7 “When a man sells his daughter as a slave, she shall not go out as the male slaves do. 8 If she does not please her master, who has designated her  for himself, then he shall let her be redeemed. He shall have no right to sell her to a foreign people, since he has broken faith with her. 9 If he designates her for his son, he shall deal with her as with a daughter. 10 If he takes another wife to himself, he shall not diminish her food, her clothing, or her marital rights. 11 And if he does not do these three things for her, she shall go out for nothing, without payment of money.
I'm sure that people quibble about this passage frequently, but the point that Jordan (and others) are making is that there are three things a husband must provide his wife -food, clothing, and love/intimacy. If he doesn't then a wife may request a divorce. Of course as with many Biblical teachings this is a case for discernment rather than hasty judgments. A husband who works hard to provide his wife with ground chuck and Craft Mac is a faithful husband. A husband who eats sirloin and Stilton while his wife eats ground chuck and Craft Mac seriously needs a visit from the church elders. Not being able to shop Sax 5th Ave isn't legitimate grounds for divorce. Shopping at thrift stores while your husband collects Lear jets....bring back the elders. I'm trying to make this clear because I don't want anyone to say that I support divorce because a wife is discontent with how her husband provides for her. I am saying that a selfish husband who makes his wife eat rotten leftovers to teach her not to waste his money that way and then turns around and buys a gallon of Bluebell for himself probably deserves whatever is coming. Another thing I want to point out is that the woman doesn't appear to be getting any alimony out of this. This presumably encourages several things in a Christian community namely A. the abuse is real and not merely discontentment, and B. the community approves her leaving and is willing to help her transition. If you back to Jordan's article you'll see he theorizes that this could hardly happen in the case of free women since they had a great deal of control over their own property and could (in essence) largely look out for themselves. One may also postulate that a woman of property likely also had family ties that would make physical abuse detrimental to the abuser.
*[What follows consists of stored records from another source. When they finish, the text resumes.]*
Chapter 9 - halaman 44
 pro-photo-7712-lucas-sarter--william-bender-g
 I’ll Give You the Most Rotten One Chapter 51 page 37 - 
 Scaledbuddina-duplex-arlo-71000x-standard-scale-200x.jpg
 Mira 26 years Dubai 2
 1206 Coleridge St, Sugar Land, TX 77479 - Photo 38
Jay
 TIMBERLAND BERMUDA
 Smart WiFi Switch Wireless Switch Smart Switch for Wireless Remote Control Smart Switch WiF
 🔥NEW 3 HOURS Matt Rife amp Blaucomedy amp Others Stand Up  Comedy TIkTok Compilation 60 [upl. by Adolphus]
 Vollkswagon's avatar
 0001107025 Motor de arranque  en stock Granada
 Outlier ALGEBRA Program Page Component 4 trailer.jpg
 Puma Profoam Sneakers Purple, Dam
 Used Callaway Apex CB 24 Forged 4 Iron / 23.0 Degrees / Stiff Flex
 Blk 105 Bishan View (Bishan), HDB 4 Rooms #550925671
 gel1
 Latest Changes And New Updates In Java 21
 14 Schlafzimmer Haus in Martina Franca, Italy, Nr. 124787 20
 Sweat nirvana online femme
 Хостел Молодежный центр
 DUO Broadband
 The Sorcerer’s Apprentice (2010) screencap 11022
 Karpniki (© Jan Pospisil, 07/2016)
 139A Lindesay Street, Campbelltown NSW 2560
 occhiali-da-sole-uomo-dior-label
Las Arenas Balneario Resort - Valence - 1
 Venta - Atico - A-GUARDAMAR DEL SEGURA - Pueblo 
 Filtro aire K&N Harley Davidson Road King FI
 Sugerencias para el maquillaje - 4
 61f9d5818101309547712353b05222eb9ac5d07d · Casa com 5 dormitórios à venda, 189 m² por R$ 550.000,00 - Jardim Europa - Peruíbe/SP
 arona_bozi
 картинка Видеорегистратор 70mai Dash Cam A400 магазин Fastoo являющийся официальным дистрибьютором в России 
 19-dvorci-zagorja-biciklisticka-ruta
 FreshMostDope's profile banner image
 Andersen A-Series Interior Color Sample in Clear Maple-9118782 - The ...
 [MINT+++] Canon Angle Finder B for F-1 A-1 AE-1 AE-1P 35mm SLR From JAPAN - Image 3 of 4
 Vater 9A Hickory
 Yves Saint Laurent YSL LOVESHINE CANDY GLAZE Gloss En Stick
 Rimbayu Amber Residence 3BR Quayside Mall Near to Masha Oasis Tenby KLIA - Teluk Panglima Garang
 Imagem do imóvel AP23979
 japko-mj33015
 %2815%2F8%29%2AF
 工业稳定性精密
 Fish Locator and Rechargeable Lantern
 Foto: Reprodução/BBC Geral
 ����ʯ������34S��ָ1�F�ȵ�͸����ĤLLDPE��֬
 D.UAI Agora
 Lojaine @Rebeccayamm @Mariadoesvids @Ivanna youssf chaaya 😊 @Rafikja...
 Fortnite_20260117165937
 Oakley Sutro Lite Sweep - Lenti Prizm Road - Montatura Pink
This would be the same as a wife today having a sizable bank account of her, possibly even her own house on the beach, and relatives/connections that would make life for an abusive husband very difficult.
I think the truth is that husbands (as well as wives) need accountability. They need to know that there's a point beyond which their wives don't have to put up with their shenanigans. Admittedly both need to understand just where that point is and how far from the reality of a loving (or even moderately exasperating) marriage it is, but they need to know it exists. I'll be very honest and say that one reason I trust Allen as a husband is because I trust his father and brothers. I know that Allen is a trustworthy, stalwart, and faithful husband. I also know that if I ever needed to I could go to Allen's family, and they would take care of us. Although I can't imagine ever needing to it's nice to know I could.